The Tribune is investigating health risks to commuters and transit workers who are exposed daily to this soot from diesel engines, not how Metra affects Chicago’s overall air quality. Nonetheless, this is a major health problem — Hawthorne finds that even Metra’s rebuilt locomotives are not meeting EPA’s standards on the limits of soot emitted from diesel engines.

And air quality on Chicago’s commuter lines also isn’t expected to improve significantly any time soon. Rather than replacing its disco-era locomotives with newer, cleaner models, Metra is refurbishing a third of its aging fleet to keep them chugging for at least another two decades.

The closest thing the EPA has to a standard for diesel exhaust is 5 micrograms per cubic meter of air, which the agency defines as a level of average daily exposure that could trigger health problems later in life.

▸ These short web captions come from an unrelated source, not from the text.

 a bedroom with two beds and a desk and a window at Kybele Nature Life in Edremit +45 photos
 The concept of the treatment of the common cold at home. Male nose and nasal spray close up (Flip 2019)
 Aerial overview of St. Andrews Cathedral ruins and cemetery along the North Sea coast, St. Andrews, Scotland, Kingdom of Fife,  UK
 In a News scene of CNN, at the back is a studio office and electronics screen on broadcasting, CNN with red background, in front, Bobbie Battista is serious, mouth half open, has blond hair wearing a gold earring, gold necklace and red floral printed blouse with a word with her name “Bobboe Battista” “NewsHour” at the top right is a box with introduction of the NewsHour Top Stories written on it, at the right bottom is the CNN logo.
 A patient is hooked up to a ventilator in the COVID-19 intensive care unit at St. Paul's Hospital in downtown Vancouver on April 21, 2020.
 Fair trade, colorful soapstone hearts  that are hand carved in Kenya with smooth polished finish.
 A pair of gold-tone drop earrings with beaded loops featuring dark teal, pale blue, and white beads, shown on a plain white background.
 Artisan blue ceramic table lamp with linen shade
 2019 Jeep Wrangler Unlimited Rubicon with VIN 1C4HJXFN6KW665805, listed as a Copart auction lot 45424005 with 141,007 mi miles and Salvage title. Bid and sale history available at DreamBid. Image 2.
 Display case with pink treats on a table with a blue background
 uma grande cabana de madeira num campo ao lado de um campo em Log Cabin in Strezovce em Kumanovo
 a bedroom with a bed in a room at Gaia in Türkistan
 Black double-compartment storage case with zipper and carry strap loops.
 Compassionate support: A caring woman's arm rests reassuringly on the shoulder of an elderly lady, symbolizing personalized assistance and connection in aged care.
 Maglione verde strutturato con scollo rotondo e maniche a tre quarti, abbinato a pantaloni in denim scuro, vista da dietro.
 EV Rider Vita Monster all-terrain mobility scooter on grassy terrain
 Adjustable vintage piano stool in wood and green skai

Yet EPA officials acknowledge the agency has done little to track whether people are breathing levels of diesel pollution that exceed that safety limit. Agency scientists also say they need to better understand the potential health effects of brief-but-intense exposures.

Rather than trying to enforce the safety limit for diesel exhaust, government officials set separate legal standards for overall air pollution across entire counties. Federal and state regulations require cleaner factories, power plants, engines and fuels to help meet the air quality standards.

Chicago and its suburbs are chronic violators of those broader pollution standards. The region fails to meet federal soot limits, and Chicago also is the nation’s only major metropolitan area that doesn’t meet tough new standards for smog-forming nitrogen oxide, an ingredient in diesel exhaust.